Monotherapy. The AMBITION study ( Identifier: NCT00109408) supported improved efficacy of tocilizumab monotherapy over methotrexate monotherapy in patients who responded to treatment with methotrexate or bDMARDs, with rapid improvement in RA signs and symptoms.15 The SAMURAI ( Identifier: NCT00144508) and SATORI ( Identifier: NCT00144521) studies have also supported the superiority of tocilizumab monotherapy over methotrexate.16,17
The ACT-RAY study ( Identifier: NCT00810199) reported that in patients with previous DMARD failure, the combination of tocilizumab with methotrexate was not superior to tocilizumab monotherapy; hence, there was no benefit for an add-on strategy over the switch to tocilizumab monotherapy in patients with an inadequate response to methotrexate.18 Similarly, the FUNCTION ( Identifier: NCT01007435) and the U-ACT-Early ( Identifier: NCT01034137) studies showed no added benefit with the combination of methotrexate with tocilizumab over tocilizumab monotherapy for csDMARD-naive patients with early RA.19,20
Patients with early or newly diagnosed RA are potential candidates for tocilizumab, as the FUNCTION and the U-ACT-Early studies have shown that tocilizumab is more effective than methotrexate in patients with early RA, with higher remission rates and better protection from structural joint damage.19,20
In the ADACTA study ( Identifier: NCT01119859), patients who were intolerant of methotrexate or for whom methotrexate was inappropriate were randomly assigned to receive adalimumab or tocilizumab.  Results of the study showed superiority of tocilizumab over adalimumab monotherapy for reduction of signs and symptoms of RA.21 Tocilizumab monotherapy was also found to provide radiographic benefit compared with csDMARD monotherapy.16,22
Combination Therapy. Several studies have supported the efficacy of combination treatment with tocilizumab and csDMARDs in patients with previous DMARD failure.23-26 In addition, in patients with previous failure of TNF inhibitors, the combination of tocilizumab with methotrexate was found to be effective.27
In recent EULAR recommendations for the management of RA, the task force stressed that although in clinical practice many patients are taking bDMARD monotherapy, combination therapy may be more effective for all bDMARDs and tsDMARDs, and combination therapy is advantageous with respect to immunogenicity for all bDMARDs.8


Sarilumab is a fully human monoclonal antibody against the IL-6 receptor that was approved by the FDA in 2017 for the treatment of adults with moderately to severely active RA who had an inadequate response or intolerance to a csDMARD.
Sarilumab can be used as monotherapy or in combination with another csDMARD. However, due to the possibility of increased immunosuppression and increased risk of infection, it is recommended to avoid using sarilumab with bDMARDs.
The recommended dosage of the subcutaneous injection is 200 mg once every 2 weeks.
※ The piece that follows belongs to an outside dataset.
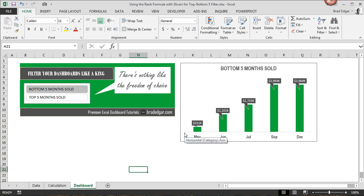My name is Brad and in this tutorial I'm going to show you how you can use the PivotTable Slicer to display your bottom 5 months sold as well as your top 5 months sold.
The dosage may need to be reduced to 150 mg once every 2 weeks to help manage neutropenia, thrombocytopenia, and/or elevated liver transaminases.
Sarilumab has greater affinity for the human IL-6 receptor than tocilizumab and it has a prolonged half-life, but the overall efficacy and safety of tocilizumab and sarilumab seem to be comparable.28
The MOBILITY study ( Identifier: NCT01061736) investigated the efficacy and safety of sarilumab in combination with methotrexate for the treatment of patients with moderately to severely active RA who had inadequate response to methotrexate.  Sarilumab in both approved doses in combination with methotrexate was well tolerated and provided significant clinical and radiographic improvement.29 The TARGET study ( Identifier: NCT01709578) investigated the outcomes of sarilumab with csDMARDs in patients with moderately to severely active RA who had an inadequate response to or were intolerant of a TNF-α inhibitor. Both doses of sarilumab in combination with csDMARDs were associated with clinical improvement.30 In both studies, a greater proportion of patients treated with sarilumab plus csDMARD compared with placebo achieved low level of disease activity and higher response rates.
The MONARCH study ( Identifier: NCT02332590), which was a comparable study to ADACTA, compared sarilumab with subcutaneous adalimumab. This study demonstrated superiority of sarilumab monotherapy to adalimumab monotherapy in patients with active RA who have had an inadequate response or were intolerant of methotrexate.
Post hoc analyses of the MOBILITY and MONARCH studies reported that patients with elevated IL-6 levels at baseline had greater clinical response to sarilumab compared with patients with normal IL-6 levels.5 Hence, higher levels of IL-6 at baseline may predict better response to sarilumab treatment and identify potential candidates for IL-6 receptor antagonist therapy.
In addition to the impact of tocilizumab and sarilumab on joint symptoms and structural damage, both medications may improve extra-articular symptoms including fatigue, morning stiffness, and anemia, and improve glucose metabolism.5

Warnings and Precautions

Tocilizumab and sarilumab have a boxed warning about the risk for developing serious infections that may lead to hospitalization or death. Reported infections included active tuberculosis; invasive fungal infections; and bacterial, viral, and other infections due to opportunistic pathogens. Most patients who developed infections were taking concomitant immunosuppressants such as methotrexate or corticosteroids. The recommendation is to monitor patients and interrupt treatment with the IL-6 receptor antagonist if a serious infection develops until the infection is controlled.9,10  Prior to initiating tocilizumab or sarilumab, it is recommended to complete testing for latent tuberculosis and consider treatment if results are positive.9,10
Tocilizumab and sarilumab initiation is not recommend in patients with absolute neutrophil count <2000/mm3, platelet count <150,000/mm3, or liver transaminases >1.5 times the upper limit of normal.9,10

Side Effects
Side effects most commonly reported include injection side redness, upper respiratory tract infection, urinary tract infection, headache, high blood pressure, high cholesterol, and the common cold.
Side Effects
Side effects most commonly reported include injection site redness, upper respiratory tract infection, urinary tract infection, nasal congestion, sore throat, and runny nose.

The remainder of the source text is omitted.